In a season where Melky Cabrera and Johnny Damon were the only Yankee starters with an OPS+ worse than 100, and an offense stocked top to bottom with sluggers, the Yankees created more than twice as many offensive runs above average as any other major league club. Alex Rodriguez, who would earn his third and final AL MVP award that season, was responsible for most of their success at the plate.
A-Rod boasted a 9.4 WAR, a 1.067 OPS, and 54 homers, headlining an offense that still featured peak Jorge Posada, Derek Jeter, Hideki Matsui, Bobby Abreu, Jason Giambi, and Robinson Canó. It’s almost unfathomable that they didn’t boat race the rest of the major leagues.
Somehow, their abysmal, fourth-worst in the majors defense, and below average, 18th-ranked pitching staff was able to undo much of that offensive firepower, especially in the first half of the season. However, by the season’s end, the Yankees had surged to the fourth-best record in the majors, but still trailed Boston by two games, earning them an automatic ALDS matchup against Cleveland.

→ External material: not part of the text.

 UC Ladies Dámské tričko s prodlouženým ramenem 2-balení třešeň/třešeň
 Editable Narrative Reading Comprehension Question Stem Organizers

CC Sabathia and company were able to limit the damage done by Yankee bats, while Chien-Ming Wang imploded to the tune of 12 earned across 5.2 innings in his pair of starts. The Yankees thus fell to Cleveland in four games.
At the mid-point of that season, before turning things around, a handful of members from the greatest comeback team in baseball history spoke on whether they thought the stumbling 2007 club could still make a deep run into the postseason when congregated at the annual Old-Timers’ Day game.
Coming off of a World Series win in 1977, the Yankees found themselves in a 14.5-game hole behind the Red Sox into July. Backed by the eventual Cy Young winner, Ron Guidry, whose 25 wins and 1.74 ERA each led the majors, the Yankees got red-hot, eventually catching Boston to force a 163rd single-elimination playoff game to determine the winner of the AL East.
Trailing in that game 2-0, Bucky Dent drilled one of the most famous homers in baseball history; his three-run homer over the Green Monster gave the Yankees a lead they never relinquished. Led by Guidry’s steadying presence, the Yankees cruised through the ALCS, beating the Kansas City Royals in three of four games to advance to the World Series.
Against the Dodgers, the Yankees fell down two games to none before ripping off four straight wins to become champs for the second straight season. Dent followed up his epic Game 163 performance by hitting over .400 in the World Series, leading all players with a 18.44 percent cWPA thanks to a cluster of clutch RBI, and earning the World Series MVP.
When comparing the 2007 club to their own 1978 world-beating edition, the handful of legends present were quick to admit the Yankees hadn’t played up to their standards early on, and expected that team to eventually turn things around as they did. However, they all noted that the pitching on the 2007 team paled in comparison to that of the 1978’s staff highlighted by Guidry, lights-out closer Goose Gossage, and 20-game winner Ed Figueroa.
Specifically, centerfielder Paul Blair noted, “Until they get their pitching staff doing the job they’re supposed to do they don’t have a chance ... They have to sustain long winning streaks. They don’t have the staff to do it.” Reggie Jackson bluntly tacked on, “We had better pitching ... We had great players and we were tough, but we had better pitching.”
The 2021 Yankees have all the offensive upside of the 2007 team, and the run preventing possibilities of that 1978 squad. Per the old-timers’ assessments of that ‘07 team, this year’s roster has ample talent on both sides of the ball to go the distance, even if they’re a ways away from putting it all together on the field. Before they can set their sights on the World Series, they’d best take care of tomorrow, at-bat by at-bat, and pitch by pitch, lest they conclude their season with a heartless, “1, 2, 3 ... Cancun.”